On Wednesday, 8 July 2015 at 18:31:00 UTC, Steven Schveighoffer wrote:

You can use a function lambda:

auto fp = (real a) => cos(a);

Note, I had to put (real a) even though I would have expected "a => cos(a)" to work.

-Steve

I've been playing around with this a little more. I wrote this function to encapsulate a simple operation on arrays.

U array_fun(T, U)(T fp, U x)
        if (isFunctionPointer!(T) && isArray!(U))
{
        return x.map!(a => fp(a)).array;
}

Then I wrote a cos function that calls it on using a function pointer.

T cos(T : U[], U)(T x)
        if (isArray!(T))
{
        auto fp = (U a) => cos(a);
        return array_fun(fp, x);
}

This seems to work just fine, but for some reason this only seems to work when I import std.math : cos.
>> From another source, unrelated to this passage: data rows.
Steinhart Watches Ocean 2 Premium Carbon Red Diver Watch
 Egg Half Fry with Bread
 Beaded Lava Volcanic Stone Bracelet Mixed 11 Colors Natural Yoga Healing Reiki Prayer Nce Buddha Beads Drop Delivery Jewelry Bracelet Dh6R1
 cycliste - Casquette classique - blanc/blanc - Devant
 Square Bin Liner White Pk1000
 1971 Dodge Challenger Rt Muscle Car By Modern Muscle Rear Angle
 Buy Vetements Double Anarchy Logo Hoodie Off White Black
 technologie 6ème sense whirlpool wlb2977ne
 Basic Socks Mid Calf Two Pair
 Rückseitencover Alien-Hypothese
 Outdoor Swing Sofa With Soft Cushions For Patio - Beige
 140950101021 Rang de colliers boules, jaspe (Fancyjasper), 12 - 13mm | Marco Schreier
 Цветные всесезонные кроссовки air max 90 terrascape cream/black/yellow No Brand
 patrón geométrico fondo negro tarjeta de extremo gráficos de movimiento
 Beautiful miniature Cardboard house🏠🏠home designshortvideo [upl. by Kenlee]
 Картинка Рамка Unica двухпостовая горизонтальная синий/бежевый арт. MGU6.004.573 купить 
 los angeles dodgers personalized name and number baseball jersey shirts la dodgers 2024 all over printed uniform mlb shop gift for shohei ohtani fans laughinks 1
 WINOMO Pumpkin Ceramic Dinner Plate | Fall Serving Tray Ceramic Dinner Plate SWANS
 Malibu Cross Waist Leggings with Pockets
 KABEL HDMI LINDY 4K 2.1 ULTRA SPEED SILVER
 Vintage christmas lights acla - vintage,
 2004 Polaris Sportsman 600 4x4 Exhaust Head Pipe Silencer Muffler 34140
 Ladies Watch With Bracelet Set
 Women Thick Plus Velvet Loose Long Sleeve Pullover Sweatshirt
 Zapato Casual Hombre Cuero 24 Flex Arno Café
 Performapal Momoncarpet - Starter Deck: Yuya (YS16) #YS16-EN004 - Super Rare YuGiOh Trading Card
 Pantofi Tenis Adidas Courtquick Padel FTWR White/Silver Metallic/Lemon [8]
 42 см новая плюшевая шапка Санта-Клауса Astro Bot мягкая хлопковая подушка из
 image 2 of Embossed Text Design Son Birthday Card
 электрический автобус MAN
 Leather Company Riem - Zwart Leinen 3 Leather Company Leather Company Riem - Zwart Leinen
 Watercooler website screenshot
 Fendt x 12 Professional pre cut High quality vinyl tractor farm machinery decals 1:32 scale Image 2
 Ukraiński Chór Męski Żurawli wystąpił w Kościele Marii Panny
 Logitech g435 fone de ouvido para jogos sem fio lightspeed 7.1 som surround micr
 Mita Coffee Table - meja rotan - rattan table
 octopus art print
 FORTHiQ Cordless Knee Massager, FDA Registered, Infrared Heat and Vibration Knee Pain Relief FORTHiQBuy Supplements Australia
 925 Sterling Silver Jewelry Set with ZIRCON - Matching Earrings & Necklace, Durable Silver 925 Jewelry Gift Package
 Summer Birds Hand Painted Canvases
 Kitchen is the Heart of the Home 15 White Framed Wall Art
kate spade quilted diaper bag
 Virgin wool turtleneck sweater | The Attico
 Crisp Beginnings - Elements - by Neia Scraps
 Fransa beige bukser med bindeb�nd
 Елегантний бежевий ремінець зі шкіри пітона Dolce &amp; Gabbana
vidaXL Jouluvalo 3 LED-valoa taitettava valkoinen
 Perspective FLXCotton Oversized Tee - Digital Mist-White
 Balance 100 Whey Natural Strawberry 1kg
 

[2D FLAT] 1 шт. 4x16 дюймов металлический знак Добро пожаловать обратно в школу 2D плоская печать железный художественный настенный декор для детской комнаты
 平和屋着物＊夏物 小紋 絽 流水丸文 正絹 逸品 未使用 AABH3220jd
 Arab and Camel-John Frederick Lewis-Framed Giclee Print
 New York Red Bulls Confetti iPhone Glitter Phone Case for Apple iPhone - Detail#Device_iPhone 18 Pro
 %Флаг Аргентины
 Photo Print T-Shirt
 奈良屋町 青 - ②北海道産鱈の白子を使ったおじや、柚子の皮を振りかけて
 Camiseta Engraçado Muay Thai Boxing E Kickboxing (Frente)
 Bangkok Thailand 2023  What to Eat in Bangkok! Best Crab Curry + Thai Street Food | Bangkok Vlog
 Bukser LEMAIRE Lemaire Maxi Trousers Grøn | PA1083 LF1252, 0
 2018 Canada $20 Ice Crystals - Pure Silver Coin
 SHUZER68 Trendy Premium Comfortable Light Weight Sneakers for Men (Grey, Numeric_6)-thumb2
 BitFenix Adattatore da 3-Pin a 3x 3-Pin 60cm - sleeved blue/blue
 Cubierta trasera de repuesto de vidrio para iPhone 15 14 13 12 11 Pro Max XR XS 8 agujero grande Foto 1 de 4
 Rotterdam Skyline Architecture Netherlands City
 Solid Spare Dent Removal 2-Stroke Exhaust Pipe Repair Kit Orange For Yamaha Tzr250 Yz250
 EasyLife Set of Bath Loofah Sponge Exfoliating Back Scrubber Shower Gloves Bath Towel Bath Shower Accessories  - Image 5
It doesn't work when I just do import std.math. Bug?

Nevertheless, if I want to implement it for another function, then I have to write it all over again. So I wrote a mixin that would encapsulate that idea (I put in the \n, \t for formatting purposes because I like to be able to writeln it out and see that it matches the original).

template mixin_builder(string function_name)
{
        const char[] mixin_builder =
                "T " ~ function_name ~ "(T : U[], U)(T x)\n" ~
                        "\tif (isArray!(T))\n" ~
                "{\n" ~
                        "\tauto fp = (U a) => " ~ function_name ~ "(a);\n" ~
                        "\treturn array_fun(fp, x);\n" ~
                "}";
}

Then I can just call
mixin(mixin_builder!("cos"));
mixin(mixin_builder!("sin"));

While it works, it feels a bit hackish. I'm not sure I can think of a generic way to do this without mixins.